**Exercise requirements:** Return the records exactly as they are.

**Data:**

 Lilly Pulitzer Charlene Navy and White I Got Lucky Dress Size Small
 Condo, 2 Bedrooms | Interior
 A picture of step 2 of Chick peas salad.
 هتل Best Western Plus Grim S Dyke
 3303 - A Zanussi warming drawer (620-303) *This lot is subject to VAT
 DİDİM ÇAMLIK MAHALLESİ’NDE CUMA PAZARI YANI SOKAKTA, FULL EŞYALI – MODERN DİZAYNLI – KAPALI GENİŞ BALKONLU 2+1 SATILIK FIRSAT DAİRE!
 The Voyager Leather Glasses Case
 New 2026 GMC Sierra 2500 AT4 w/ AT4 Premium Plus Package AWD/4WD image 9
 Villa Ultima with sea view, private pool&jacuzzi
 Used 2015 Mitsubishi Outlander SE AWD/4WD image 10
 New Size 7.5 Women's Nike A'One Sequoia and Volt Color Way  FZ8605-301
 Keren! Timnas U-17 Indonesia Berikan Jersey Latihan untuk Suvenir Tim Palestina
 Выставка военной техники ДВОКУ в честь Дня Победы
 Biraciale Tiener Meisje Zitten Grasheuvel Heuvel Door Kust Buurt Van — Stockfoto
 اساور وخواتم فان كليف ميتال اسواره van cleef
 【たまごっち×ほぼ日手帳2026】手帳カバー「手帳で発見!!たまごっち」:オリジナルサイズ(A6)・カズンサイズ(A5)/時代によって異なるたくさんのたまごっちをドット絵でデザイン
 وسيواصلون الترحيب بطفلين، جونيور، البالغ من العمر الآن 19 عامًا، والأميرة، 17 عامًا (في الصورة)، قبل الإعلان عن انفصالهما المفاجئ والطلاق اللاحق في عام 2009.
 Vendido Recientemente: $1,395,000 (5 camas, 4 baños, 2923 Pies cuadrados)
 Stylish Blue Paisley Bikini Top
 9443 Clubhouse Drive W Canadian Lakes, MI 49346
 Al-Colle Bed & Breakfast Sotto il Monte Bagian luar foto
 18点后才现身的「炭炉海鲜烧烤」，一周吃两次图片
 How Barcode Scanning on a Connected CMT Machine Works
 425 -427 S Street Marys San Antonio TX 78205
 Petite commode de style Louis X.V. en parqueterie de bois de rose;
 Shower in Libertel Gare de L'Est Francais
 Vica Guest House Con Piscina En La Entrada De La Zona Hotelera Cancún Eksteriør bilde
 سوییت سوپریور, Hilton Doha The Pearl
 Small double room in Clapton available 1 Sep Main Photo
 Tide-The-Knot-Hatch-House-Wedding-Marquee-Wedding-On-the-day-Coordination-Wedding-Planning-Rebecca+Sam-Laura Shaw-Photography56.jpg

**Solution to the problem:**
 Lilly Pulitzer Charlene Navy and White I Got Lucky Dress Size Small
 Condo, 2 Bedrooms | Interior
 A picture of step 2 of Chick peas salad.
 هتل Best Western Plus Grim S Dyke
 3303 - A Zanussi warming drawer (620-303) *This lot is subject to VAT
 DİDİM ÇAMLIK MAHALLESİ’NDE CUMA PAZARI YANI SOKAKTA, FULL EŞYALI – MODERN DİZAYNLI – KAPALI GENİŞ BALKONLU 2+1 SATILIK FIRSAT DAİRE!
 The Voyager Leather Glasses Case
 New 2026 GMC Sierra 2500 AT4 w/ AT4 Premium Plus Package AWD/4WD image 9
 Villa Ultima with sea view, private pool&jacuzzi
 Used 2015 Mitsubishi Outlander SE AWD/4WD image 10
 New Size 7.5 Women's Nike A'One Sequoia and Volt Color Way  FZ8605-301
 Keren! Timnas U-17 Indonesia Berikan Jersey Latihan untuk Suvenir Tim Palestina
 Выставка военной техники ДВОКУ в честь Дня Победы
 Biraciale Tiener Meisje Zitten Grasheuvel Heuvel Door Kust Buurt Van — Stockfoto
 اساور وخواتم فان كليف ميتال اسواره van cleef
 【たまごっち×ほぼ日手帳2026】手帳カバー「手帳で発見!!たまごっち」:オリジナルサイズ(A6)・カズンサイズ(A5)/時代によって異なるたくさんのたまごっちをドット絵でデザイン
 وسيواصلون الترحيب بطفلين، جونيور، البالغ من العمر الآن 19 عامًا، والأميرة، 17 عامًا (في الصورة)، قبل الإعلان عن انفصالهما المفاجئ والطلاق اللاحق في عام 2009.
 Vendido Recientemente: $1,395,000 (5 camas, 4 baños, 2923 Pies cuadrados)
 Stylish Blue Paisley Bikini Top
 9443 Clubhouse Drive W Canadian Lakes, MI 49346
 Al-Colle Bed & Breakfast Sotto il Monte Bagian luar foto
 18点后才现身的「炭炉海鲜烧烤」，一周吃两次图片
 How Barcode Scanning on a Connected CMT Machine Works
 425 -427 S Street Marys San Antonio TX 78205
 Petite commode de style Louis X.V. en parqueterie de bois de rose;
 Shower in Libertel Gare de L'Est Francais
 Vica Guest House Con Piscina En La Entrada De La Zona Hotelera Cancún Eksteriør bilde
 سوییت سوپریور, Hilton Doha The Pearl
 Small double room in Clapton available 1 Sep Main Photo
 Tide-The-Knot-Hatch-House-Wedding-Marquee-Wedding-On-the-day-Coordination-Wedding-Planning-Rebecca+Sam-Laura Shaw-Photography56.jpg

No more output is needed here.